Task prompt:
Please repeat, exactly as they stand, the line containing "Efficient man and" and the lines after it through the final line of the listing below, minus pictures.

Provided material:
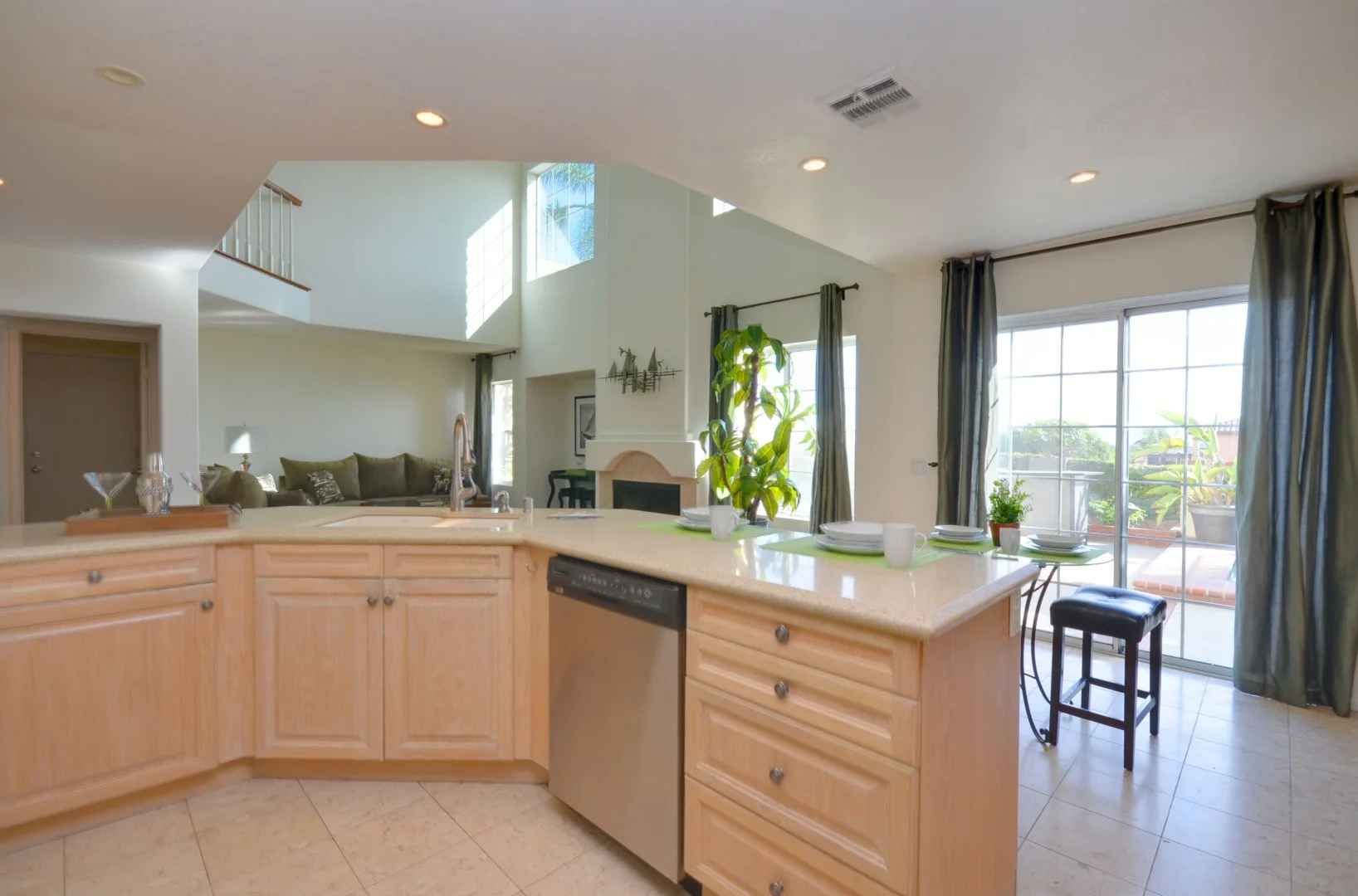 Kitchen_0285 (Large).jpg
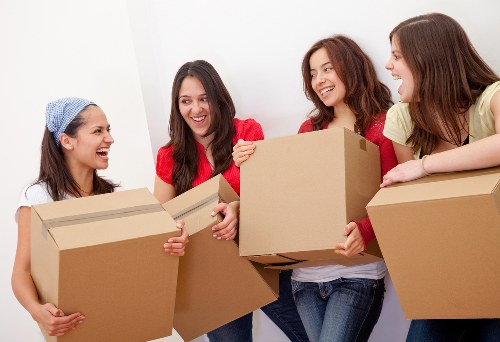 Efficient man and van service for a final local move in Poplar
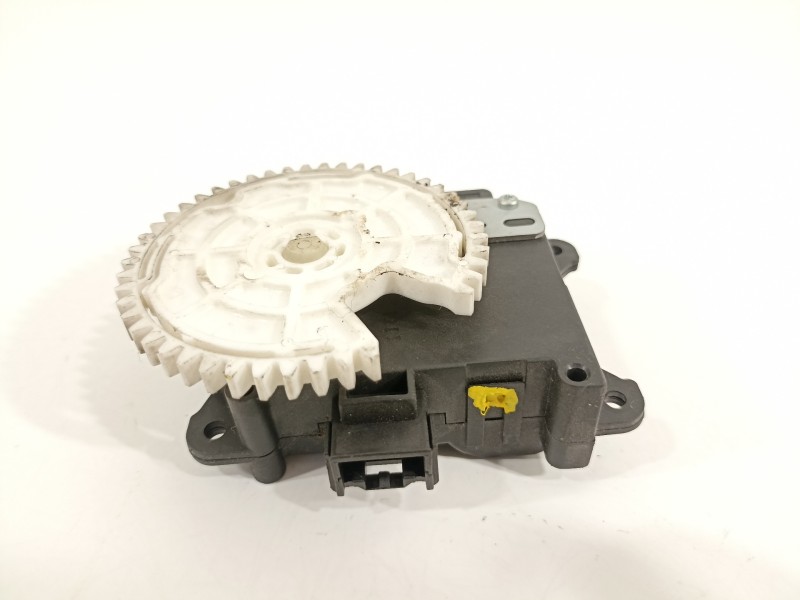 Recambio de motor apertura trampillas climatizador para toyota yaris hsd active referencia OEM IAM CZ1138002800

Exercise answer:
 Efficient man and van service for a final local move in Poplar
 Recambio de motor apertura trampillas climatizador para toyota yaris hsd active referencia OEM IAM CZ1138002800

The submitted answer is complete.